What are the recent developments?

  • Foreign investors are exiting from India’s financial markets.
  • This is triggered by the end of quantitative easing in the US and Europe.
  • It is particularly by the hikes in policy interest rates in the US, making investments attractive.
  • This has resulted in a sharp depreciation of the rupee relative to the dollar.

What led to this?

  • Crisis - The US and Europe infused liquidity after the 2008 financial crisis.
  • Credit at near zero interest rates was available to banks and financial agents.
  • This was to lend or invest at low rates to record profits.
  • Thereby it facilitated resolving their balance sheet hit by the crisis.
  • It flooded markets with large volumes of cheap money in the process.
  • Carry trade - Under this, banks, financial institutions and investors borrowed cheap in the dollar market.
  • But they invested in assets denominated in other currencies for higher returns.
  • The rush of funds shored up these currencies and even resulted in appreciation.
  • India was a country that benefited from flows of this kind.
  • India’s corporate sector utilised the cheap credit from foreign financial firms.
  • Impact - This has resulted in a high proportion of outstanding foreign bank claims.
  • India is now paying the price for this legacy of debt.
  • Clearly, depreciation raises the rupee costs of imports.
  • It also increases the rupee equivalent of payments made to service foreign debt.

How has the bond market been?

  • The channels through which credit has been flowing into the country has changed.
  • Clearly, the share of bank loans and deposits has come down from 2013 to 2017.
  • While, the share of debt securities has increased in the same period.
  • The corporate bond market which was inactive for long had turned active in recent years.
  • Financial institutions in the carry trade, experimented with corporate bonds.
  • This suited Indian corporates as bond issues are likely to have less intensive scrutiny.
  • However, exit is much easier for bond investors.
  • They can choose to book profits or cut losses and leave.
  • But this results in stress on the balance of payments and the rupee.

What are the policy shortfalls?

  • The current vulnerability could have been prevented by policy decisions.
  • The corporates should have not been encouraged to exploit that supply-side push.
  • But, the ceilings on external commercial borrowing have been relaxed hugely over the liberalisation years.
  • Foreign investors have been given easy access to the country’s debt markets.

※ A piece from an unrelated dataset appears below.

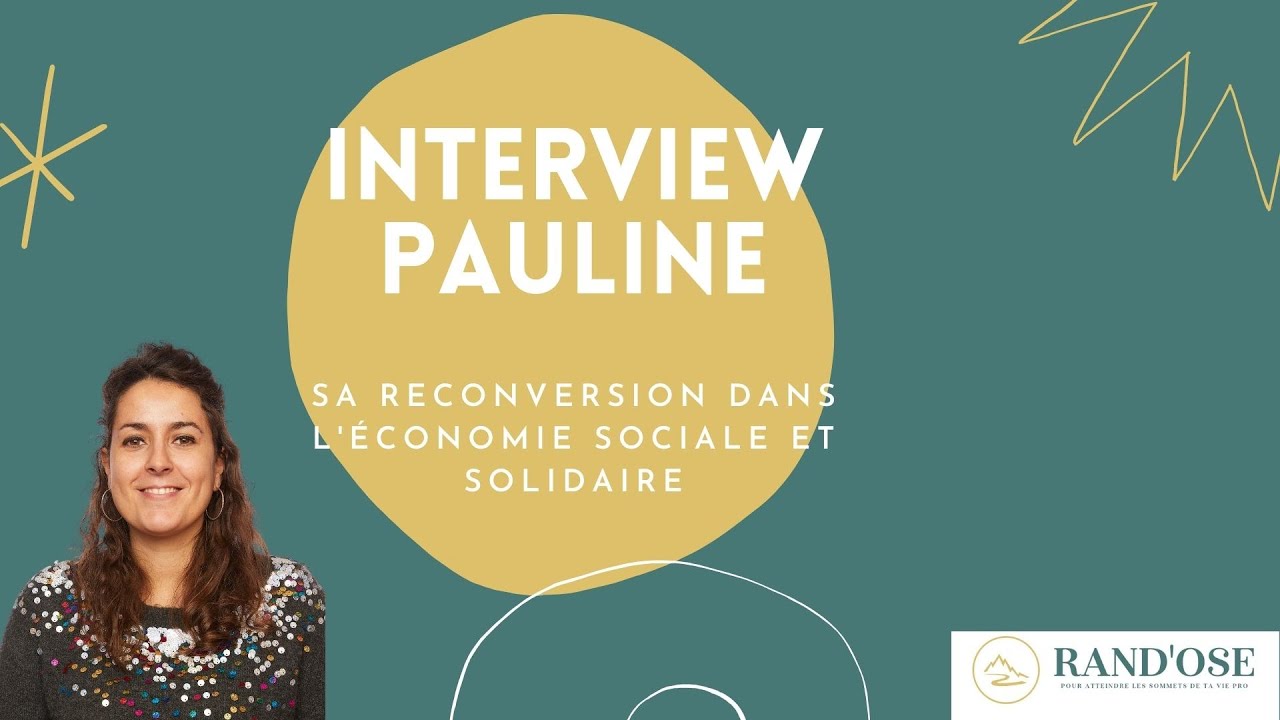 Se reconvertir dans le milieu social et solidaire YouTube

How do these make India vulnerable?

  • The debt exposure allowed by the above has now created two kinds of vulnerabilities.
  • Firstly, it can lead to rupee depreciation when investors choose to exit.
  • This intensifies any depreciation resulting from other factors.
  • Secondly, depreciation increases the rupee costs of servicing foreign debt.
  • It can lead to losses and push firms to default on both domestic and foreign debt.
  • Vulnerability that legacy debt creates arises from the volume of exposure.
  • But besides, it also arises from its likely concentration in a few firms.
  • How - Firm reputation influences access to foreign credit markets and institutions.
  • It is thus likely that foreign debt would be concentrated in a small number of firms.
  • This factor carries the enhanced debt-servicing burden for these few companies due to rupee depreciation.